* _What needs to be done_:
Every line from the one with "Lovetoy Prirodni Penis" through the end of the records below should be restated word for word, and nothing outside that span.

* _Extracted material_:
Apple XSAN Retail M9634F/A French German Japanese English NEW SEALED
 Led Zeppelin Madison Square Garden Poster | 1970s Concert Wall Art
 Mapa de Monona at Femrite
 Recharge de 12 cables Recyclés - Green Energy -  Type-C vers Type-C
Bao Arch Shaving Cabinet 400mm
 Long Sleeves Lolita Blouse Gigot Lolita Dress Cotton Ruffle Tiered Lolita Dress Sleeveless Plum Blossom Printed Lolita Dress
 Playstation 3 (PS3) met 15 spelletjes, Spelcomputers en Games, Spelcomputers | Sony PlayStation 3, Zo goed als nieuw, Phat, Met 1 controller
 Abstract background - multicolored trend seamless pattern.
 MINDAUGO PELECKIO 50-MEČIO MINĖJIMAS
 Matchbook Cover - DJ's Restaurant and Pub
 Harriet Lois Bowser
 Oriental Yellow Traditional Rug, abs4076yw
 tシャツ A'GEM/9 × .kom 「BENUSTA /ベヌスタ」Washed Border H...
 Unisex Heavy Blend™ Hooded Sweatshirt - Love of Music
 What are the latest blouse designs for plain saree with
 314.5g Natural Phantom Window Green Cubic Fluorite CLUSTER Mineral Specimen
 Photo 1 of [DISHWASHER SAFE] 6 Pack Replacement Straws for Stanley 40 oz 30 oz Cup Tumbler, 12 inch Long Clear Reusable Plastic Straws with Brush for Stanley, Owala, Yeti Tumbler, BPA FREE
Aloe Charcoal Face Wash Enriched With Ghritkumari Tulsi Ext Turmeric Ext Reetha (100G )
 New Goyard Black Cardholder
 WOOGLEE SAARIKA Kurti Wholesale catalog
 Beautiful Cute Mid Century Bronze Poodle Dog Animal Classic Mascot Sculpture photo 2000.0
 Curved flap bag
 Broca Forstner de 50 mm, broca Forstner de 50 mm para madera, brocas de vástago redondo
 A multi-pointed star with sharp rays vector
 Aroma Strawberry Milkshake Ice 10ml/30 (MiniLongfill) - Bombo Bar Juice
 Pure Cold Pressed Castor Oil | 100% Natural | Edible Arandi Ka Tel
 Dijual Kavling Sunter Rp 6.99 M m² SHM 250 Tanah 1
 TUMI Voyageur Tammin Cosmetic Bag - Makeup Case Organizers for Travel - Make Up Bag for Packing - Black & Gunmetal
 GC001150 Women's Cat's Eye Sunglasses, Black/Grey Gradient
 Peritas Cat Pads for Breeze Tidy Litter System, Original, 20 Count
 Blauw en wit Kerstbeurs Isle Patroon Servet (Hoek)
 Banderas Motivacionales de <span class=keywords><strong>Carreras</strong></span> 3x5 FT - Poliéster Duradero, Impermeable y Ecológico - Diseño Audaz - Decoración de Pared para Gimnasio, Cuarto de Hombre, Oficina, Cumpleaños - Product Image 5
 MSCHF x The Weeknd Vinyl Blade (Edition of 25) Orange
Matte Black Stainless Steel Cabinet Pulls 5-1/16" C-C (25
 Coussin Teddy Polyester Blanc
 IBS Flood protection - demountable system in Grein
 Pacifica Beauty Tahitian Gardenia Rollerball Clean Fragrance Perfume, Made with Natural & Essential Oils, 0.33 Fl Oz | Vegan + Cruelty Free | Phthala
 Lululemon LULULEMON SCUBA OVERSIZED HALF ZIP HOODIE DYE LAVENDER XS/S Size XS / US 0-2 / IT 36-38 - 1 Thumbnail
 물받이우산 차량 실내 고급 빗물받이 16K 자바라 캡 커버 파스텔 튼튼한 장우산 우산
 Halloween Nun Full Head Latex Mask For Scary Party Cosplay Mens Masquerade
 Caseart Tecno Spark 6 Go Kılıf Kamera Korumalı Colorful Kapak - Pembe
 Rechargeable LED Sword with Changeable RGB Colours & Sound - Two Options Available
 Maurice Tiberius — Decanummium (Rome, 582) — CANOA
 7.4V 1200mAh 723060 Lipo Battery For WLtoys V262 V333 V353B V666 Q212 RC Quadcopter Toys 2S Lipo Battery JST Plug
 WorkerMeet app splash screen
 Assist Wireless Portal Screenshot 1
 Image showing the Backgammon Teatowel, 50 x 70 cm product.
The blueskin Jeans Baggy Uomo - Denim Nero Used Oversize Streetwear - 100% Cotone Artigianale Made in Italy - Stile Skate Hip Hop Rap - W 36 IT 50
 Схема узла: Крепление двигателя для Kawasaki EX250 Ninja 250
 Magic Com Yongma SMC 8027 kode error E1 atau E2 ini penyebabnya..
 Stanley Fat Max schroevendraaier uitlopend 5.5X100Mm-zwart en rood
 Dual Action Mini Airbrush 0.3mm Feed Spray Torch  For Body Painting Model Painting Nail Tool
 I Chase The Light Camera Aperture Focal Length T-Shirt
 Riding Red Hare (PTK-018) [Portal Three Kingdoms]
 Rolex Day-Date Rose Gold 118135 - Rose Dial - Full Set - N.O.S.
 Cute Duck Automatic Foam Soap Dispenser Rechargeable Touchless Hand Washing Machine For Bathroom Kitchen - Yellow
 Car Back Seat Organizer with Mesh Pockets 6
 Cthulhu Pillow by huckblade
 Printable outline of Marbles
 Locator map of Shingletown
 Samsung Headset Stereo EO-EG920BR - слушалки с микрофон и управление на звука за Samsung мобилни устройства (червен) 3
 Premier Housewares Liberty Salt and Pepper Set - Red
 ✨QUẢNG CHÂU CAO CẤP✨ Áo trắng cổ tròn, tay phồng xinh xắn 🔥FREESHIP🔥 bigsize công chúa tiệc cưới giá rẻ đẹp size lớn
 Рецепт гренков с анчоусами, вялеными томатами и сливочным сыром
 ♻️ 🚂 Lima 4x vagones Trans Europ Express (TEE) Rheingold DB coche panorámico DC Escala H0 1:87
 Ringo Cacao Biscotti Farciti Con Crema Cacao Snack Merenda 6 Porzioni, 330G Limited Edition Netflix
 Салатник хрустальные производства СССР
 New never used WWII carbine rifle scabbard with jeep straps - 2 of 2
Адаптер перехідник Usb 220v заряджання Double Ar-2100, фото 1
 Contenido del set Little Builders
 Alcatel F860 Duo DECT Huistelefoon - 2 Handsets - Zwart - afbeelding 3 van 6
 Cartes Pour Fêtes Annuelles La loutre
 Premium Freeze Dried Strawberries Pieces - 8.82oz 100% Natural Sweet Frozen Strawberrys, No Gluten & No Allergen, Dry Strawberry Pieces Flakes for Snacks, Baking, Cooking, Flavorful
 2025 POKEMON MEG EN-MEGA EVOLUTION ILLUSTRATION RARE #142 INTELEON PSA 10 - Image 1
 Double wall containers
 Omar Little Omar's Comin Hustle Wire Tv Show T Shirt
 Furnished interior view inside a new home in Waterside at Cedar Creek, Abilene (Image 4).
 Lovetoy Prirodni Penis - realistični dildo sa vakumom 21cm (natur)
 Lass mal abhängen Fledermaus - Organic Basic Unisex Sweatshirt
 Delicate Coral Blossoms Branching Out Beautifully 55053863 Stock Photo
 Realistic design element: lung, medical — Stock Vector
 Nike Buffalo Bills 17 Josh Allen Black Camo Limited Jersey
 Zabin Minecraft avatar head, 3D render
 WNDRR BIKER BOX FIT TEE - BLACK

* _Written answer_:
 Lovetoy Prirodni Penis - realistični dildo sa vakumom 21cm (natur)
 Lass mal abhängen Fledermaus - Organic Basic Unisex Sweatshirt
 Delicate Coral Blossoms Branching Out Beautifully 55053863 Stock Photo
 Realistic design element: lung, medical — Stock Vector
 Nike Buffalo Bills 17 Josh Allen Black Camo Limited Jersey
 Zabin Minecraft avatar head, 3D render
 WNDRR BIKER BOX FIT TEE - BLACK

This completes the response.